Princes and Gods and Kings of Egypt: A Review

A couple of years ago, I edited a commentary on Exodus. I had never taken the time to study the book that deeply before, and I enjoyed the experience. So when I heard that there was a new volume coming out in the Kregel Exegetical Library series on Exodus, I decided to pick it up.

A Commentary on Exodus is by Duane A. Garrett, who teaches at the Southern Baptist Theological Seminary. He has previously published Song of Songs in the Word Biblical Commentary, Proverbs, Ecclesiastes, Song of Songs and Hosea, Joel in the New American Commentary, and A Modern Grammar for Classical Hebrew.

He states at the outset of the commentary, “I have intentionally written this work to fill certain gaps within the literature. To this end, I have been selective and have not dealt with every possible issue” (9). So, for example, he spends a good deal of space in his introduction acquainting his readers with ancient Egypt, since he sees a lack in other commentaries in that regard. He also deals with controversial issues like the date of the exodus (he argues that the data is inconclusive, though the event did happen), the genealogy of Moses, and the locations of the Reed/Red Sea and Sinai. Even when he argues for one side over the other, I thought he still presented the other side of the debate thoroughly, so readers are able to make up their own minds. I would definitely classify him as a maximalist when it comes to the relationship between the Old Testament and archaeology.

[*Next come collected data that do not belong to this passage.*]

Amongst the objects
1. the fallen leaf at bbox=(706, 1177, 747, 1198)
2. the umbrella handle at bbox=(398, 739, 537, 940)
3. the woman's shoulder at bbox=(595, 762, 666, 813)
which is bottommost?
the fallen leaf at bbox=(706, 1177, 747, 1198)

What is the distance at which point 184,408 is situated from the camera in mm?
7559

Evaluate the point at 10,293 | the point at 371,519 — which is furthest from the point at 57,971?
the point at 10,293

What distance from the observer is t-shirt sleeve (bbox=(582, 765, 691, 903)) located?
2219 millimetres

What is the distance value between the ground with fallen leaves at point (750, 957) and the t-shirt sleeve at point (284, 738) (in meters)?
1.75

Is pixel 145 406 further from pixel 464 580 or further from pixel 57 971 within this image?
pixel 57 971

Each section of the commentary proper comes in five parts: an introduction, a translation of the passage with textual footnotes, the structure of the passage, a verse-by-verse commentary, and a theological summary of key points. Poems also include the Hebrew text and are broken up into stanzas. For pastors using this commentary, I think the theological summary of key points would be most helpful as they think of how to apply it to their audience. For example, in a section on the vestments of the high priest (28:1–29:37), he writes that “for Israel, the ordained means of approaching God is both personal (the Aaronic priest) and institutional (the whole Tent of Meeting complex). For Christians, analogously, the one access to God is the person of Christ and the one institution ordained by God for his worship is the church, as it was built by Christ himself (Matt 16:18)” (596). Comments like these are helpful for beginning the move from exegesis to application.

The only complaint I have about the commentary is that the table of contents and running heads are not as detailed as I would like; readers who are looking for a particular passage will have to do some flipping to find it. But when the only bad thing you can say about a book is about small formatting issues, you know it is a very good book. I am sure that, if I am called to preach on a passage in Exodus in the near future, this will be one of the first commentaries I consult.

Note: Thanks to the publisher, Kregel, for a copy of this book in exchange for an honest review.